The only way to learn is to live, and the only way to live is to learn. To truly learn means that one’s hands must be constantly dirty with the work of being alive. To be alive means that one’s heels must be steadfastly dug into the lessons that our efforts offer up to us. To live is have mud on your cleats. To learn is to have blood in your teeth.
Shelley says that “To live…we must not only observe and learn, we must also feel; we must not be mere spectators of action, we must act; we must not describe, but be subjects of description. Deep sorrow must have been the inmate of our bosoms… sickening doubt and false hope must have chequered our days”
We have but one task. One mission. One directive. One calling. Our only objective is to learn something profound about ourselves and the world in which we live and move and have our being. To heed this call is to believe in the potency and potential of our words to grow legs. But, this, in itself, is no easy task, especially because so often it will seem as though nothing has happened, as though nothing has changed.

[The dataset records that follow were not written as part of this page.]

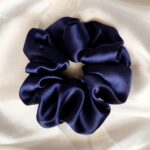 Combo of 4 || Light Blue || Eastern Blue || Royal Blue || Navy Blue || Scrunchies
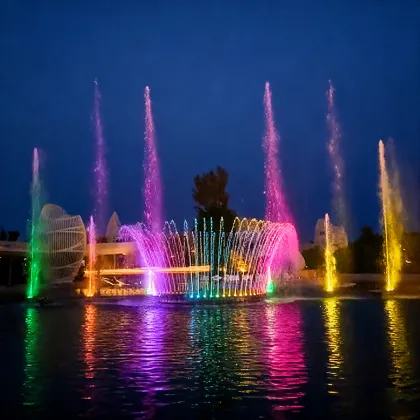 Musical Fountain for Lakes Ponds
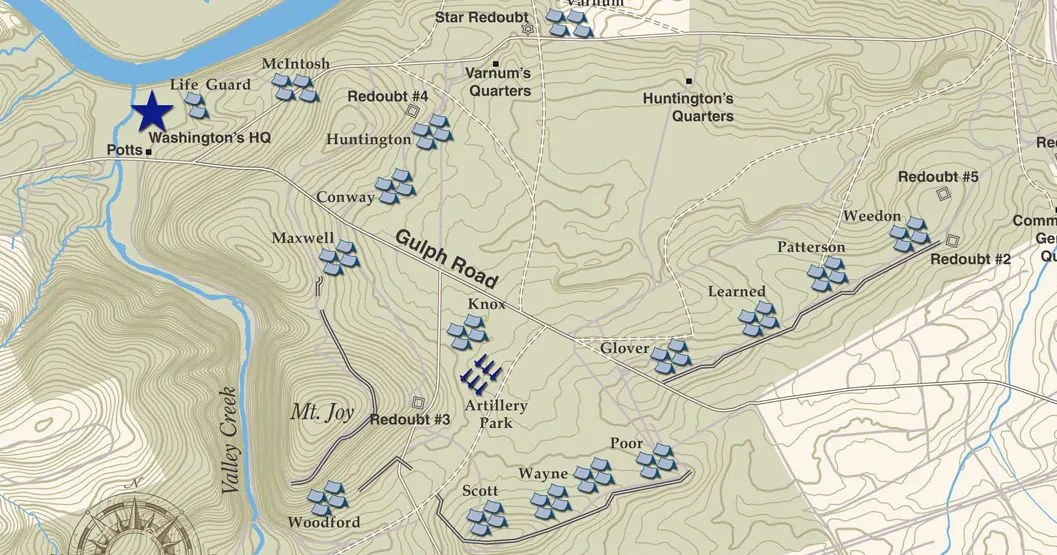 Valley Forge | Dec 19, 1777 - June 19, 1778 | American Battlefield Trust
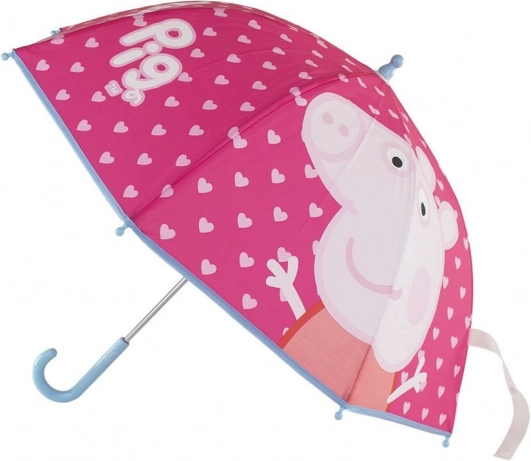 Detský manuálny dáždnik Prasiatko Peppa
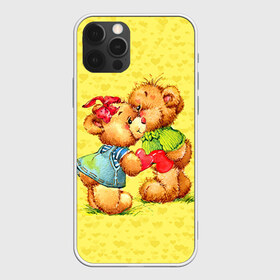 Чехол для iPhone 12 Pro Max с принтом Влюбленные мишки в Кировске, Силикон |  | 14 февраля | bear | love | teddy | валентин | влюбленный | любовь | милый | мишка | рисунок | сердечко | сердце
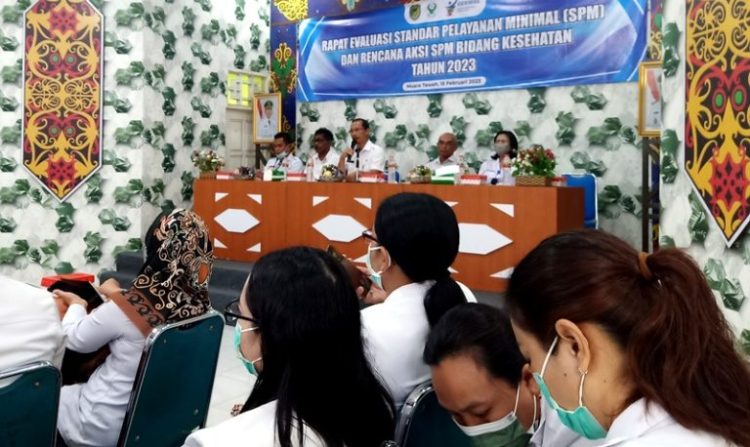 Dinkes Barut Gelar Pertemuan Evaluasi SPM dan Ra SPM Kesehatan 2023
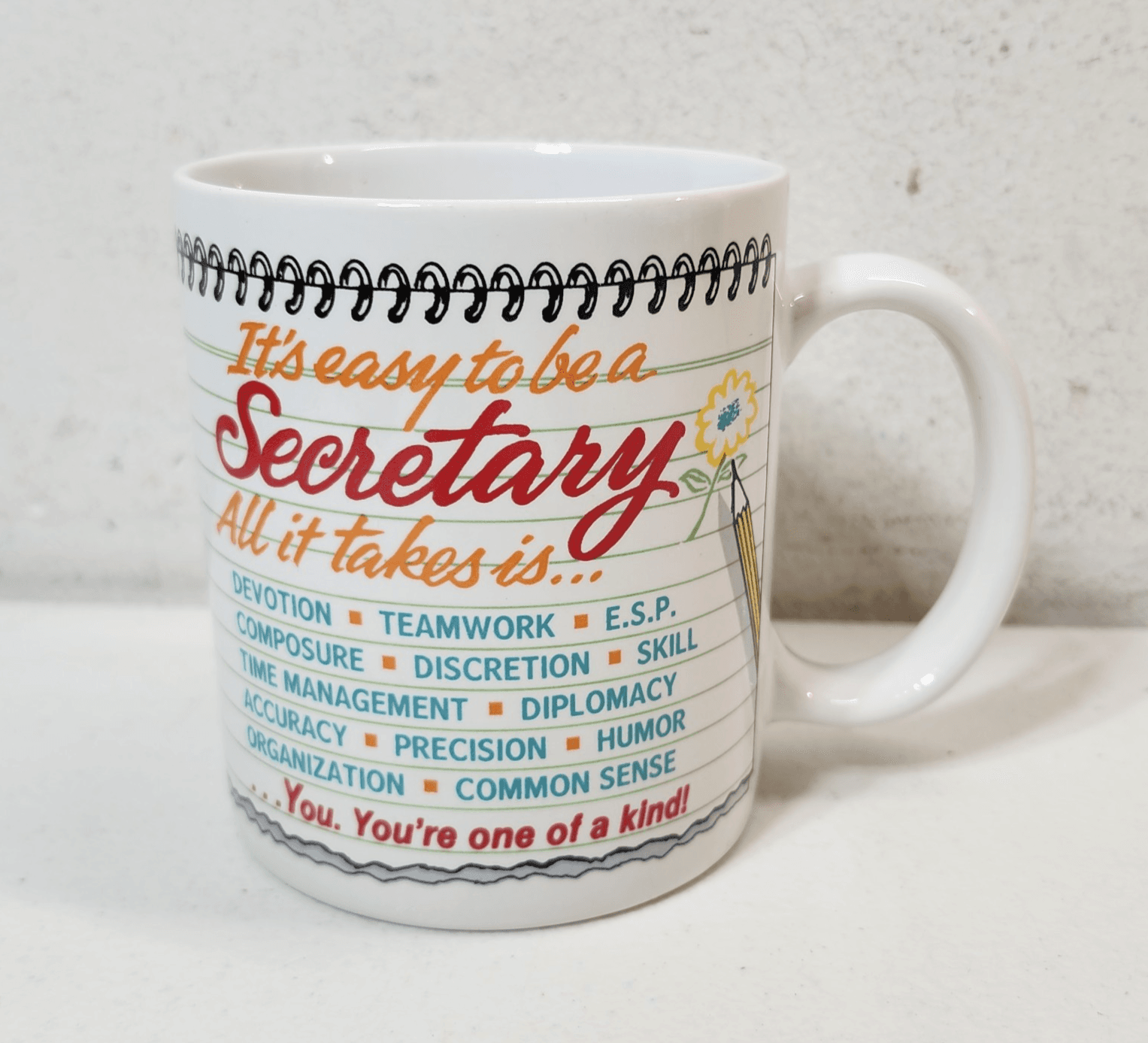 Coffee Mug Cup It's Easy To Be A Secretary Design Ganz - Thumbnail 2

For extended durations all our efforts are seemingly ineffectual. But, then, somewhere in the terror and bewilderment, something changes. Something arrives. Something comes into being and comes to life; it is our LIFE, provoked and prodded by lessons learned through tedium and trouble. We are transformed. It is a transformative metamorphosis that comes about not in a climactic moment of instantaneous realization, but instead, arrives amidst an almost infinite expanse of minute and incremental adaptations. When we are the one thing that changes, everything else does too. This is what it means to be awake. This is what it means to be alive. This is the arduous task of what it means to grow.
As E.M. Cioran says “There is never too great a distinction made between those who have paid for the tiniest step toward knowledge and those, incomparably more numerous, who have received a convenient, indifferent knowledge, a knowledge without ordeals.”